Although the evenings’ big-screens at the BTC lamentably included worn out choices of food-related film like Babette’s Feast, Eat Drink Man Woman, (how to ruin great films with unimaginative programming) and the dreaded ‘Food + Romantic Comedy’ genre piece, ‘Bella Martha’ by Sandra Nettelbeck, the programmers were wise enough to screen historical gems like Marcel Pagnol’s ‘Harvest (Regain)’, informative documentaries like Hal Erickson’s ‘Alice Waters and her Delicious Revolution’ (2003) and the most sensual cinematic food chain and materials exploration ever made, ‘Drawing Restraint 9′ by Matthew Barney.
This year, thirty-two young filmmakers were spotlighted in the Berlinale Talent Campus and divided into a five part programme titled unoriginally, ‘Food for Thought’. From the selection, the films on the subject of hunger tended to suffer most from ill-research and moralist pedantics.
But when the films were good, they were very very good.
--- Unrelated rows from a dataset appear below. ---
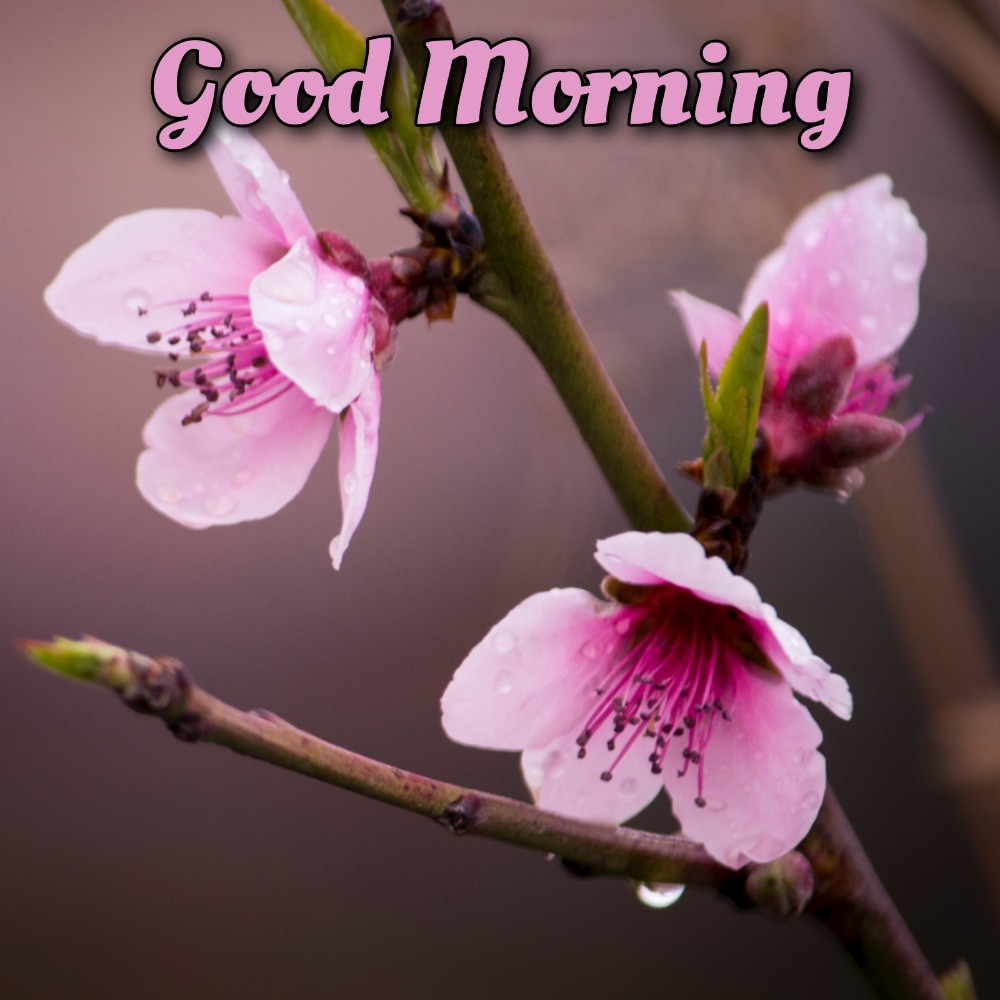 good morning ke flower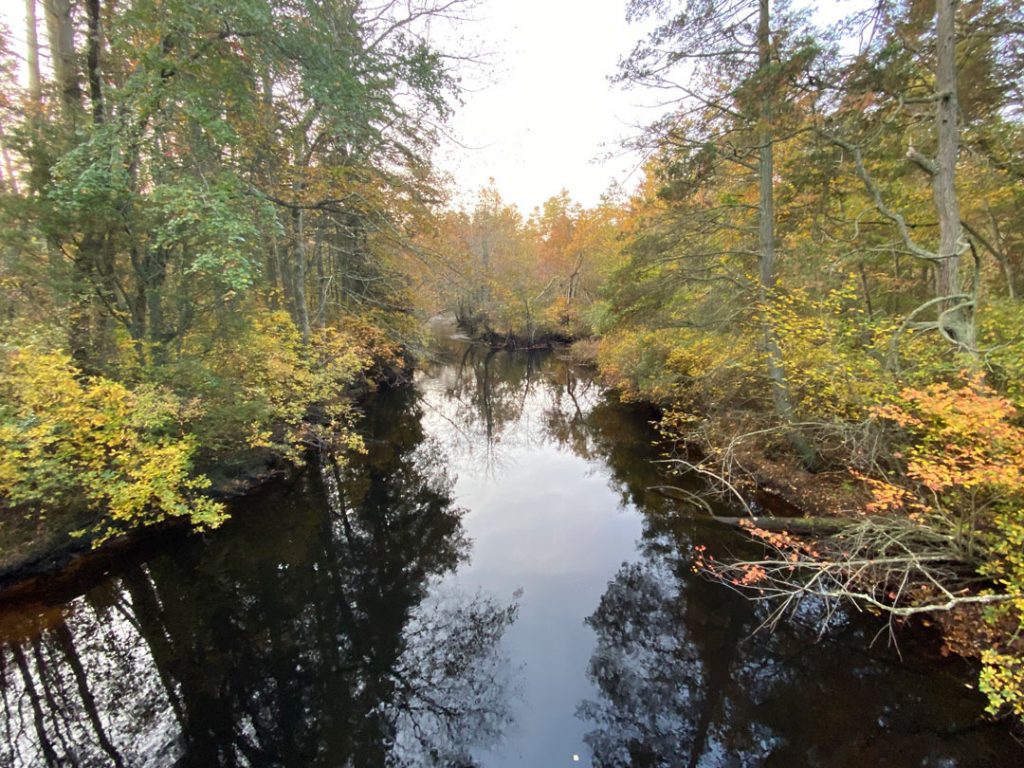 Pine Barrens creek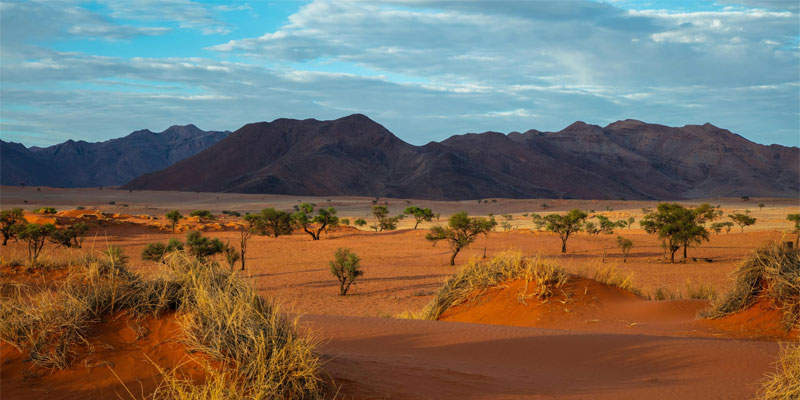Namibia - die große Rundreise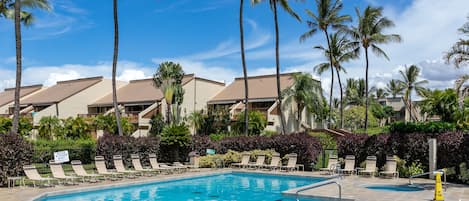 Complex Pool & Hot Tub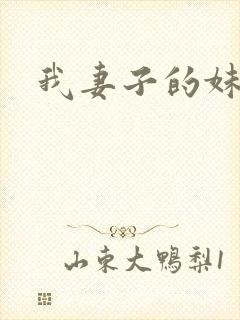 我妻子的妹妹2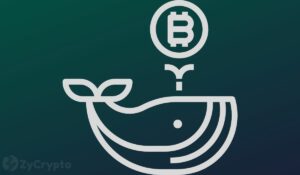 $1 Billion in Bitcoin Just Moved from Coinbase — Are Whales Massively Buying the Dip?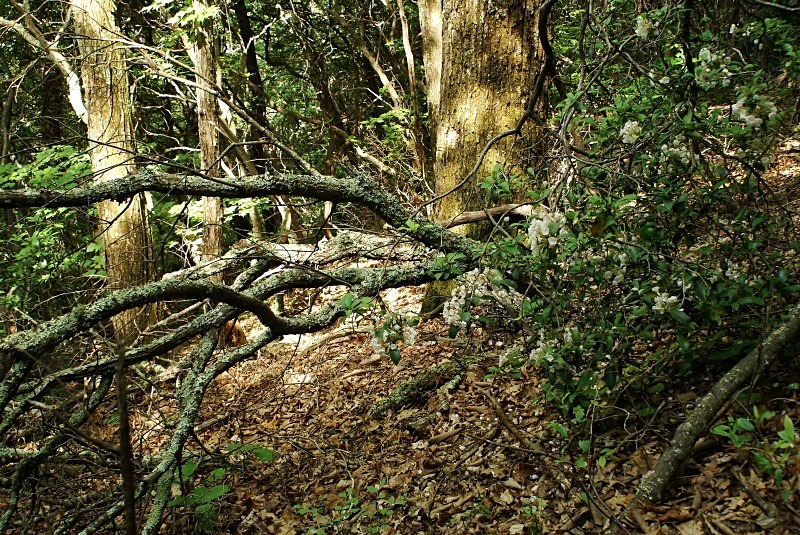  - The Mysteries and Fantasies of Trees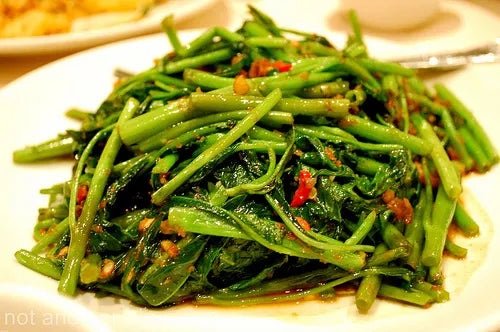 VEGETABLE, KANGKONG BELACAN (SMALL) (NEWTON #19)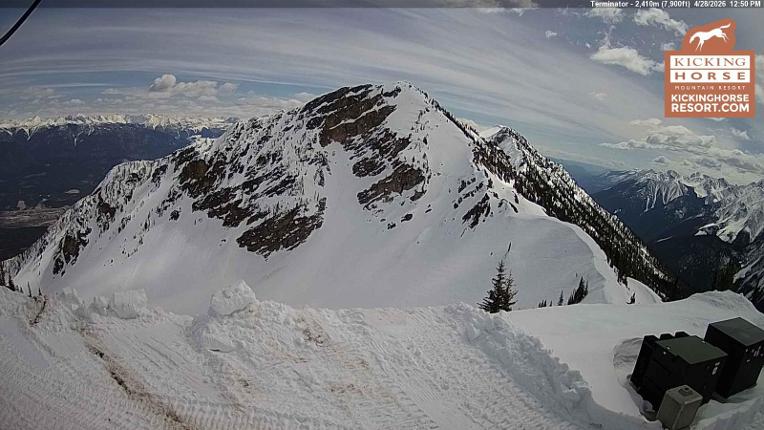 Webcam Kicking Horse: Terminator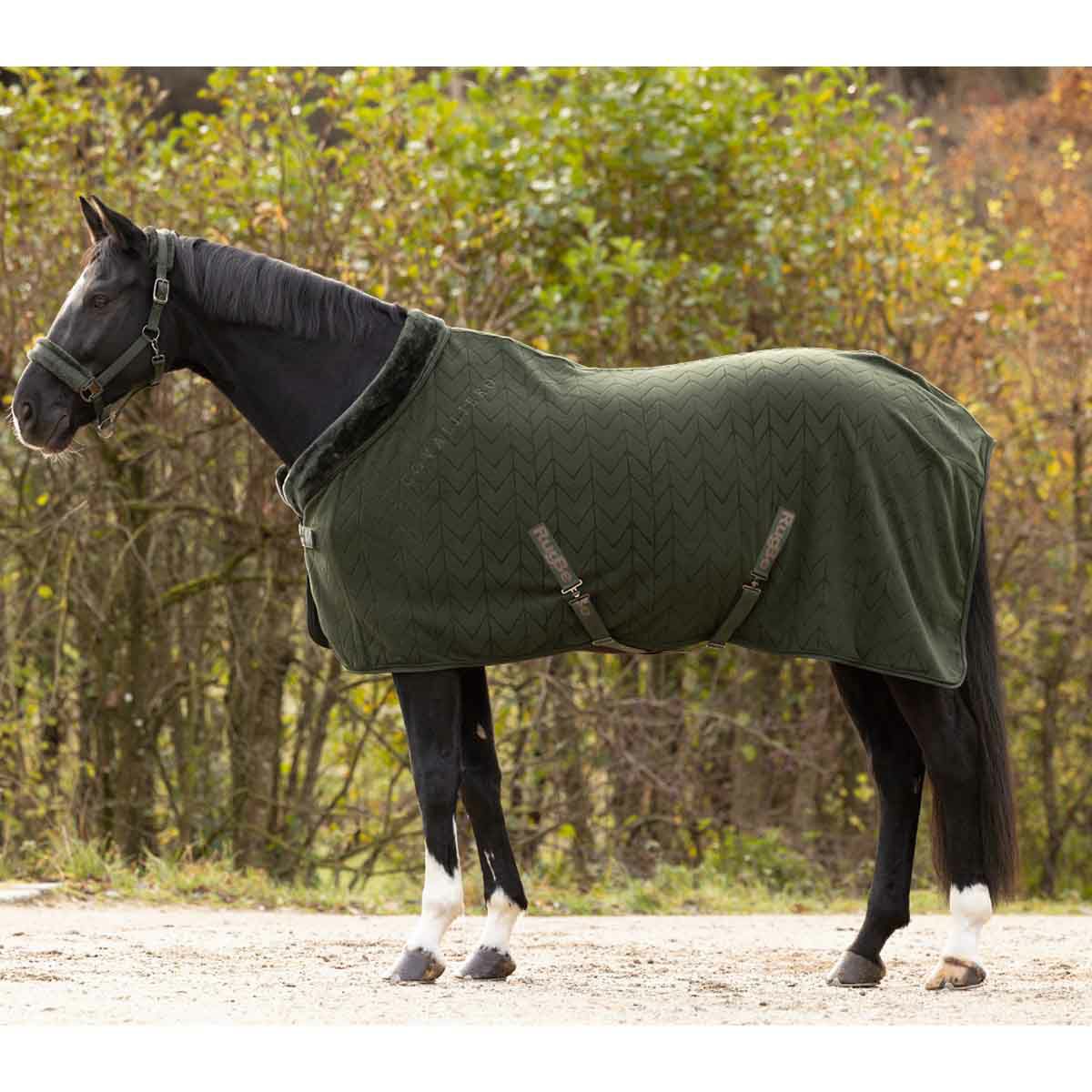 乗馬用品 ランボー 光り輝き 馬着 馬具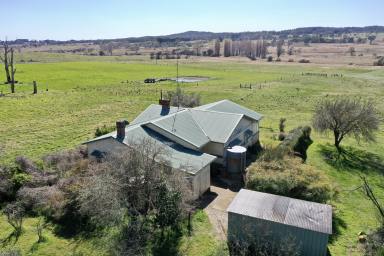 Farm For Sale - NSW - Braidwood - 2622 - "Milgadara"  (Image 2)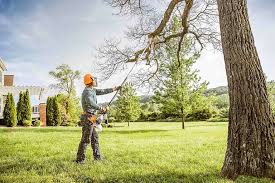 Reliable Chester, IL Tree Removal and Landscaping Services Solutions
Here is the culiblog selection of the eight best films on Food, Hunger and Taste from this year’s Berlinale Talent Campus (in alphabetical order):
- A LOVE SUPREME. Nilesh Patel, UK: A hyper-rhythmic black and white short supposedly inspired by Raging Bull, but I see it as a sexy visualisation of a samosa recipe. I love the film’s changing sense of time, concentrated detail shots and the stolen moments of materials pleasure. Bravo.
- CAKE IN THE FACE. Katarina Hellberg, Sweden: At a Talent Campus laden with moralistic expressions, one of the most refreshingly humorous films was Hellberg’s CAKE IN THE FACE. Hellberg interviews the head of the international ‘pie-ing’ movement, who says, ‘Every time I pie someone it is a total orgasm.’ The international movement throws soft cream pies in the faces of the offensively powerful as a political expression. This film is indicative of the acitivist undercurrent in the world of food at the moment, and would programme well alongside feature length documentaries. It offers the audience a light-hearted answer to combat the gloom that is the contemporary food and agriculture documentary.
- It is noteworthy that of all the BTC short films, only those dealing with pies and cakes were funny. Short pause for thought.
EviannaÏve image still © Verena Vargas, used courtesy of e|x|il Film
- EVIANNAÏVE. Verena Vargas, Germany: Lengthy but good, but lengthy. Eviannaïve documents a group of activists as they travel by train from Berlin to a small town near Geneva to disrupt the 2004 meeting of the G8. Civil disobediance and youthful enthusiasm are their only weapons. The title’s palindrome hints at how difficult it is for the anarchists to mobilise politically, but somehow they do. (Maintaining the values of civil disobedience in the face of violent police action is not for the faint of heart.) It’s the hippy in me that can’t help but identify with activists that pick up their trash upon returning from the demo. This is a worthy historical document, lengthy, but good. But lengthy.The Eviannaïve website
- HUNGER. Maia Burduli, Georgia: Shrieking babies, tightly bundled up in blankets. One is worried that a fumbling nurse, insisting on carrying three newborns at a time, will drop one on its noggin. Ms. Burduli exlained after the screening that in Georgia, a baby’s screams for its first mouthful of breast milk is a positive thing, a sign of thriving. In the film, once the nipples show up, we see what babies and mamas see, right up close and personal. Intense sucking is followed by a blissed-out milk coma.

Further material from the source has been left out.